=== Exercise materials ===

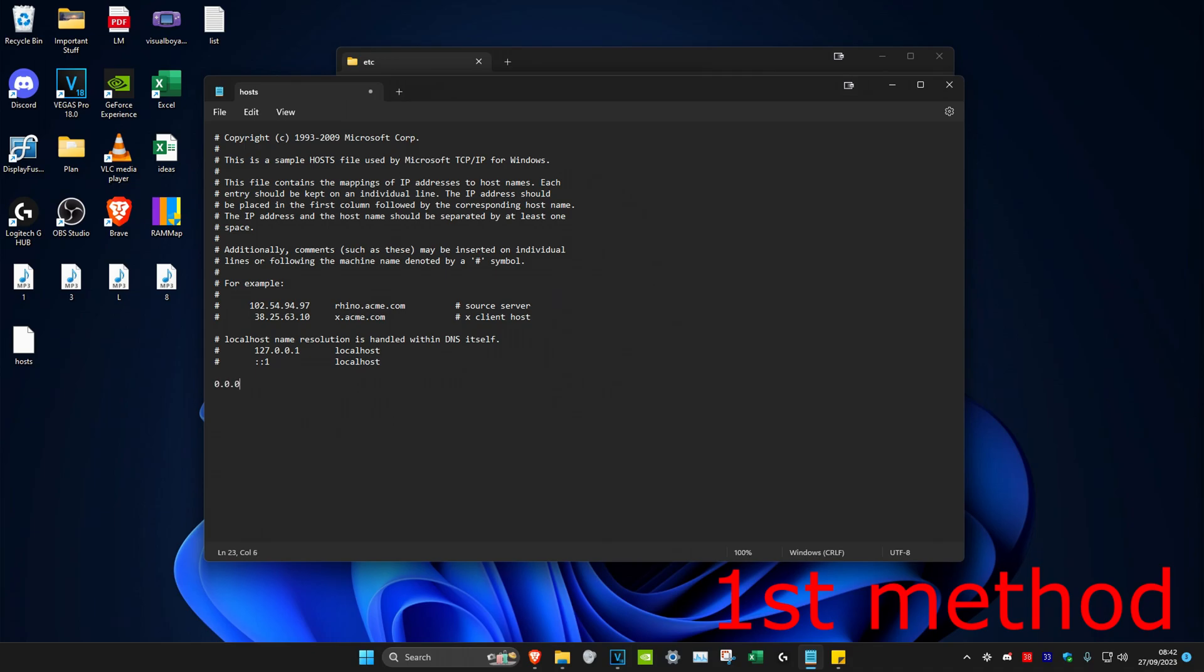Then we're going to type in 0.0.0.0 space and then the website that you want to block. For example, I'll do Instagram, so I'm going to do www.instagram.com.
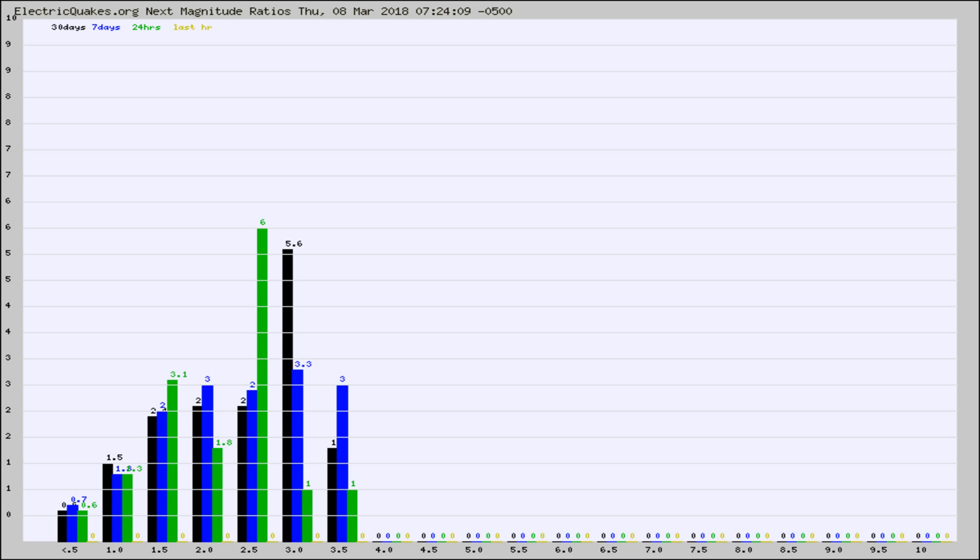Again, the black column is 30 days, blue is 7, green is 24 hours, and gold is in the last hour.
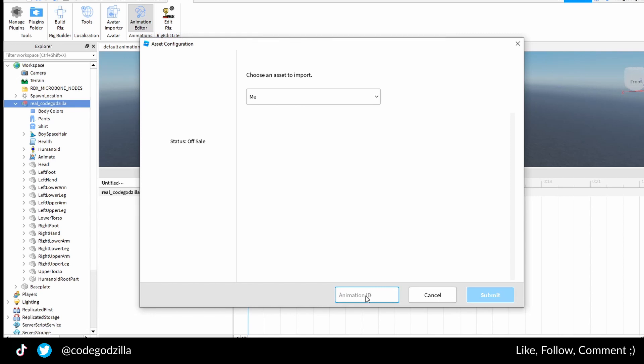You cannot paste here. You have to type. So this is the hard part of the entire tutorial.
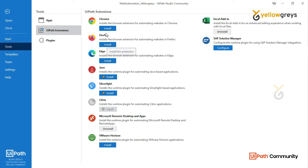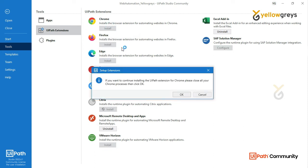You can install it for Firefox or Chrome. To install the UiPath extension for Chrome, please close all your Chrome processes first, then click OK. Now you can install it.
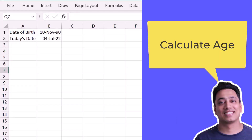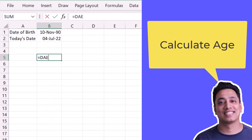Here I have the date of birth and today's date, and I want to calculate the age from these two dates. For this I'll use the DATEDIF function, which is a hidden function not in the Excel functions list, but you can still use it. When I enter DATEDIF, Excel will not show me the arguments.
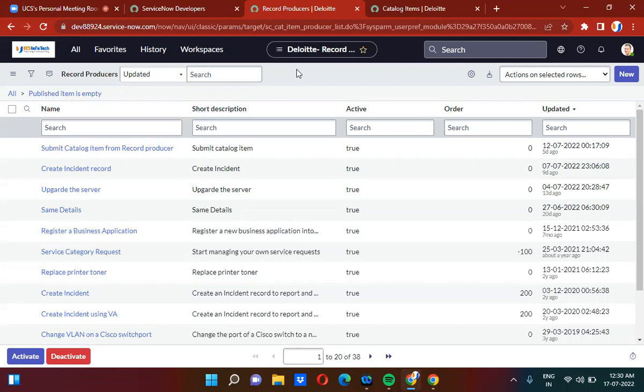Record producer is something that is used to submit task-based records. Like if you want to create an incident record, problem record, change record, or any other table record when you submit the form — you can use record producers to create those records when you submit the form.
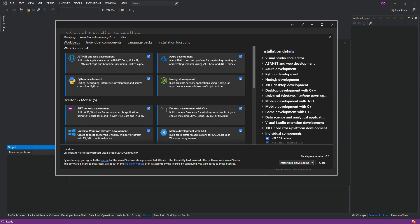Once we get the installer workloads open, to be able to use the C++ CMake tools for Windows, the C++ CMake tools for Windows is installed as part of the Desktop Development with C++ and Linux Development with C++ workloads. If we scroll down...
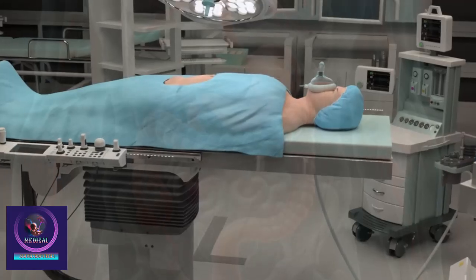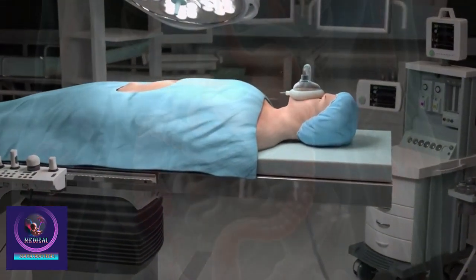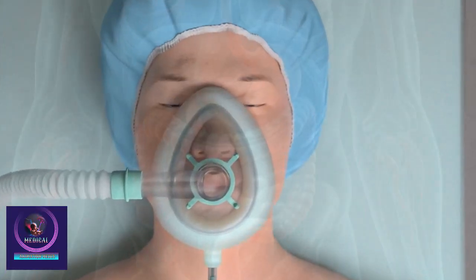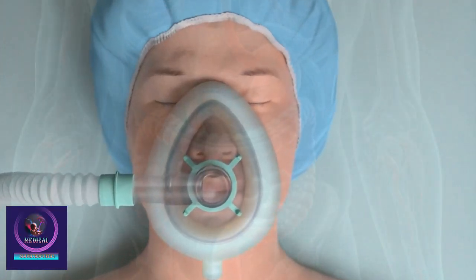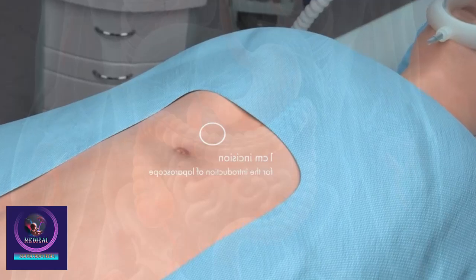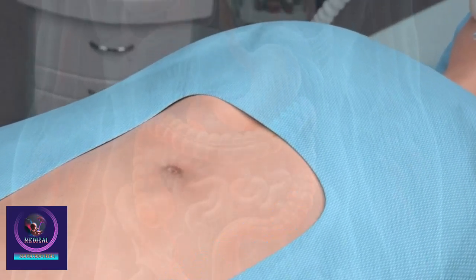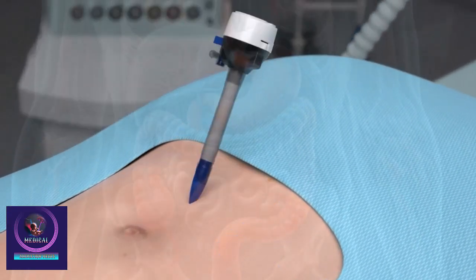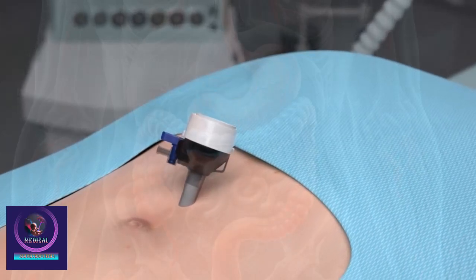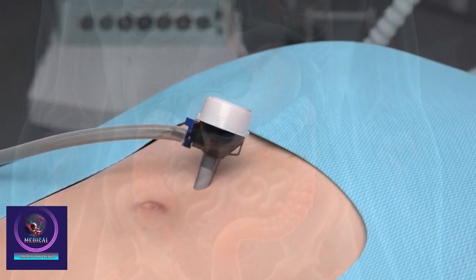The operation is performed after intubation and general anesthesia. After anesthesia, an incision of about 1 cm is made in the umbilical region. Carbon dioxide is injected through a trocar, and the pressure of carbon dioxide is used to secure the extraperitoneal space.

===

▸ Required action: For this answer, return word for word the lines from the first line of the records through the line containing "You cannot paste". Omit the pictures.

▸ Result of the task:
Then we're going to type in 0.0.0.0 space and then the website that you want to block. For example, I'll do Instagram, so I'm going to do www.instagram.com.
Again, the black column is 30 days, blue is 7, green is 24 hours, and gold is in the last hour.
You cannot paste here. You have to type. So this is the hard part of the entire tutorial.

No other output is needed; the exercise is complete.